JAKARTA, HOLOPIS.COM Ketua DPR RI Puan Maharani mengatakan, bahwa setelah disahkannya Revisi UU Nomor 12 Tahun 2011 tentang Peraturan Pembentukan Perundang-Undangan (RUU PPP), kini pihaknya tinggal menunggu Surat Presiden (Surpres) untuk melakukan Revisi UU Nomor 11 Tahun 2020 tentang Cipta Kerja.
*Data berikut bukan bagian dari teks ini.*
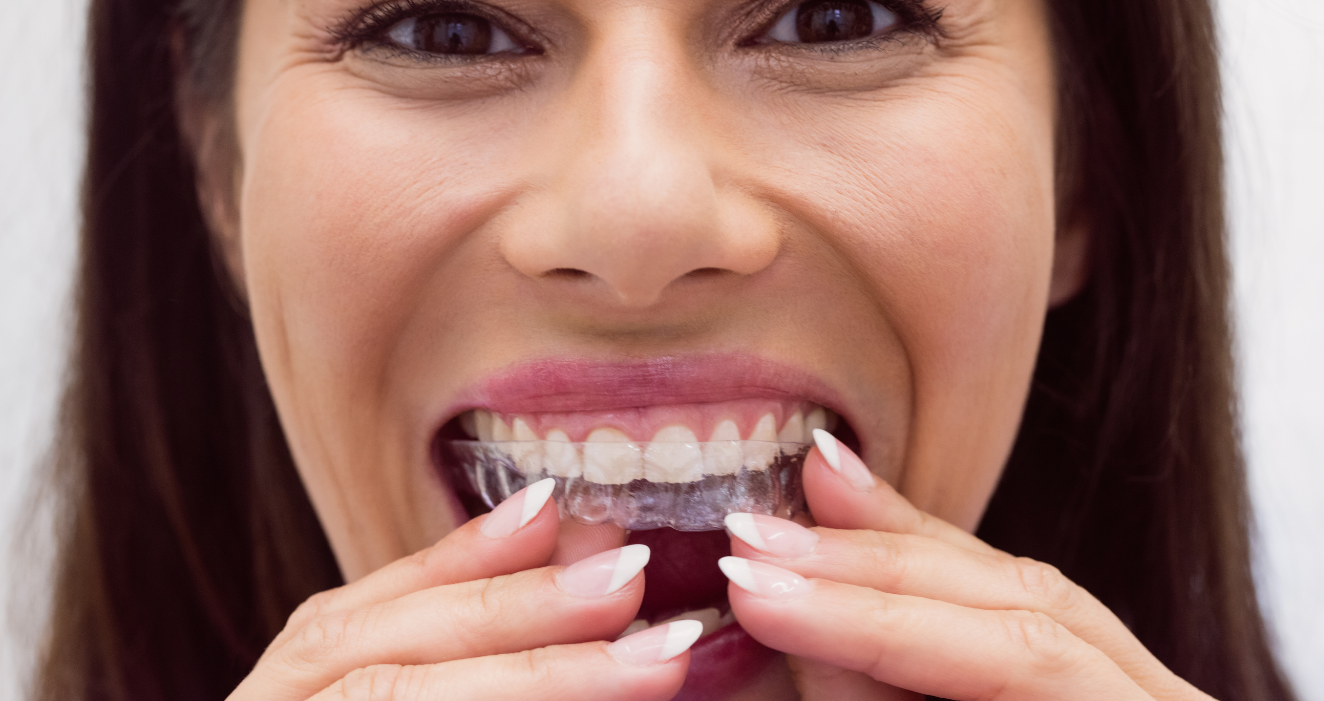 Achieve Your Dream Smile with Smile Perfect Aligners: Transform Your Teeth from Home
“Kita akan tunggu surpres dari presiden. Kemudian sesuai mekanisme di DPR, akan kita teruskan untuk dilaksanakan sesuai dengan mekanismenya,” kata Puan kepada wartawan di kompleks parlemen, Jakarta, Selasa (24/5).
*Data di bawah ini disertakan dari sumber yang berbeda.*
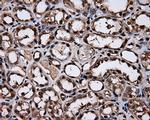 HSPA1A Antibody in Immunohistochemistry (Paraffin) (IHC (P))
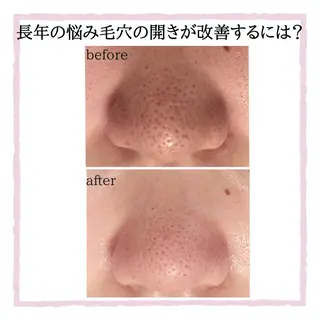毛穴・シミ専門サロン ルパークのエステ・リラクイメージ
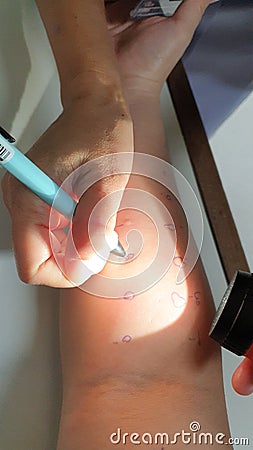 Arm examine with allergy skin prick test rash reaction aero dust mite sensitive Stock Photo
Anak dari Megawati Soekarnoputri itu mengklaim, bahwa revisi UU PPP sudah sesuai dengan putusan Mahkamah Konstitusi (MK) yang menyoal metode omnibus law tak diatur dalam UU P3 sebelum direvisi.
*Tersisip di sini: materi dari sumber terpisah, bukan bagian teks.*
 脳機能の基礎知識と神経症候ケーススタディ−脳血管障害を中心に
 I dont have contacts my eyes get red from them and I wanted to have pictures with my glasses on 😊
Kemudian, ia pun berharap agar UU PPP hasil revisi dapat diimplementasikan dan memberi manfaat, khususnya dalam melakukan pembentukan regulasi ke depannya.

“Tadi juga pandangan dari pemerintah juga menyatakan bahwa ke depan ini bagaimana kemudian pembahasan UU P3 ini bisa langsung dilaksanakan dengan menghormati keputusan MK, sehingga nanti pelaksanaannya itu memang bisa berjalan dengan baik di lapangan,” ujarnya.

Sebelumnya, DPR mengesahkan RUU P3 dalam rapat paripurna ke-23 masa sidang V tahun 2021-2022. Rapat paripurna digelar di gedung Nusantara II, kompleks parlemen, Senayan, Jakarta, Selasa (24/5).

Rapat dipimpin oleh Ketua DPR Puan Maharani serta didampingi Wakil Ketua DPR Lodewijk Paulus, Rachmat Gobel, dan Sufmi Dasco Ahmad.

Perwakilan pemerintah yakni Menko Perekonomian Ad Interim Sri Mulyani turut hadir dalam rapat paripurna ini. Laporan terkait hasil pembahasan tingkat satu dibacakan oleh pimpinan Baleg DPR M Nurdin.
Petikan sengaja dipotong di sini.